Defending her stand on tightening of working visa norms, Australian Prime Minister Julia Gillard has said that her case for a crackdown on 457 visa rules will ensure that jobs of the country go first to the local inhabitants.
Gillard said that she will try to ensure Australia does not go down on a path where at one end, youths are deprived of training due to huge cutting of skill development funds, while on the other hand, temporary workers are looked upon to fill this manpower crisis.
“The Labour Government is putting in place a package of reforms to ensure that temporary skilled workers only come from overseas when there is genuinely no local worker who can fill the job,” she was quoted as saying in an ABC report.
Gillard was speaking in Canberra at the Australian Council of Trade Unions (ACTU) Community Summit.
Hiring in IT sector
She also criticised the IT industry for overusing the 457 visa to recruit overseas workers where the jobs could otherwise be taken up by Australian citizens.
Gillard was quoted by a media report as saying that the use of visas to temporarily employ overseas workers was growing much faster than the growth in employment in Australia — 20 per cent year-on-year compared with one per cent employment growth year-on-year.
The IT industry was the worst offender, Gillard said.
Pointing out that the IT industry brought in 5,800 temporary workers in just seven months, where there were just 4,500 Australian IT undergraduates in 2011, Gillard said the trend is not acceptable.
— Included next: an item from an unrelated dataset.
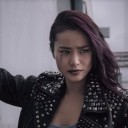 sunlightxseeker avatar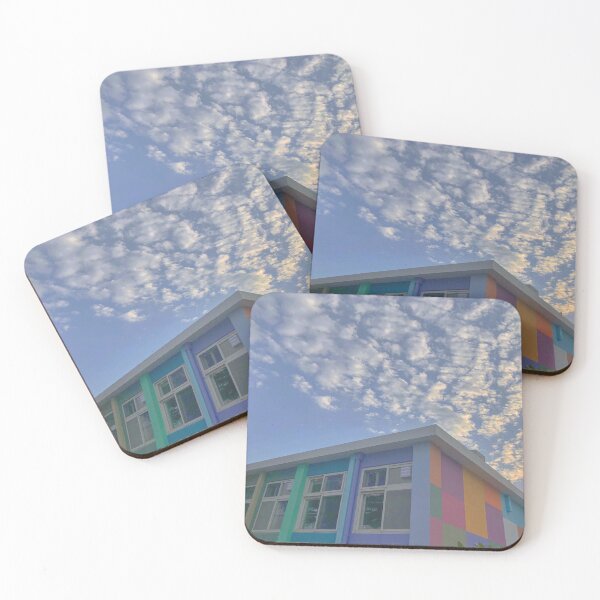 Item preview, Starlight Cloud designed and sold by yoursky.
“The number of people coming here to fill short-term gaps should not be growing 20 times faster than employment overall,” she said.
Visa programme
The Prime Minister said that there will be changes to the visa programme, which will include requiring employers to demonstrate that they are not nominating positions where a genuine shortage doesn’t exist.
The other requirements include ramping up the English language requirement for a number of positions, raising the market salary cap exemption from A$1,80,000 to A$2,50,000 and stopping employers who routinely abuse the 457 visa system.
457 visa
The 457 visa is the most commonly used programme for employers to hire temporarily sponsor skilled overseas workers to work in the country.
Visa holders are generally employed for up to three months to four years and are also allowed to bring an eligible family members to Australia, and those family members have unrestricted work and study rights.
Over 1,05,000 450 visa holders were in Australia as of January 2013, which is an increase of 22.4 per cent since January 2012.